Но предпочтение, которое Жак оказывал идеалистам, не мешало ему признавать, что, постоянно поглощенные своей единой страстью, они действуют впустую. Истинным ферментом, бродилом революционного теста были «практики». Именно они выставляли четкие требования и готовили конкретное их осуществление. Их революционные познания были обширны и питались все новыми данными. Их фанатизм ставил себе ограниченные цели, распределенные по степени важности и отнюдь не химерические. В атмосфере идейной взвинченности, которую поддерживали «апостолы», «практики» были воплощением деятельной веры.

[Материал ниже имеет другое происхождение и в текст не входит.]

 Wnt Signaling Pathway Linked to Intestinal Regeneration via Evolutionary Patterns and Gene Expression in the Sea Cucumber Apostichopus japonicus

Самого себя Жак не относил с определенностью ни к одной из этих категорий. Очевидно, он меньше отличался от «апостолов», но ясность ума, или, по крайней мере, тяга к точным определениям, желание видеть перед собою конкретную цель, умение понимать ситуацию, людей и связывающие их отношения — все это могло бы, приложи он к тому некоторые усилия, сделать его недурным «практиком». И кто знает, может быть, при удачном стечении обстоятельств, он сделался бы даже одним из вождей? Не было ли отличительной чертой вождей — соединение политических достоинств «практиков» с мистическим пылом «апостолов»? Некоторые революционные вожди, с которыми Жак сблизился, обладали этим двойным преимуществом: знанием дела (точнее — чувством действительности, настолько всеобъемлющим и вместе с тем глубоким, что они при любых обстоятельствах были способны тотчас же указать, что следует предпринять в связи с данными событиями и как изменить их ход) и авторитетом (притягательной силой, которая сразу же обеспечивала им непосредственное влияние и на людей, и, по-видимому, даже на факты и явления.) А ведь Жак не был лишен ни проницательности, ни авторитета, он обладал также довольно редко встречающейся способностью внушать к себе симпатию и увлекать за собой людей; и если он никогда не стремился развить в себе эти черты, то лишь потому, что, за редким случаем, испытывал инстинктивное отвращение к мысли о том, чтобы влиять на развитие и характер деятельности себе подобных.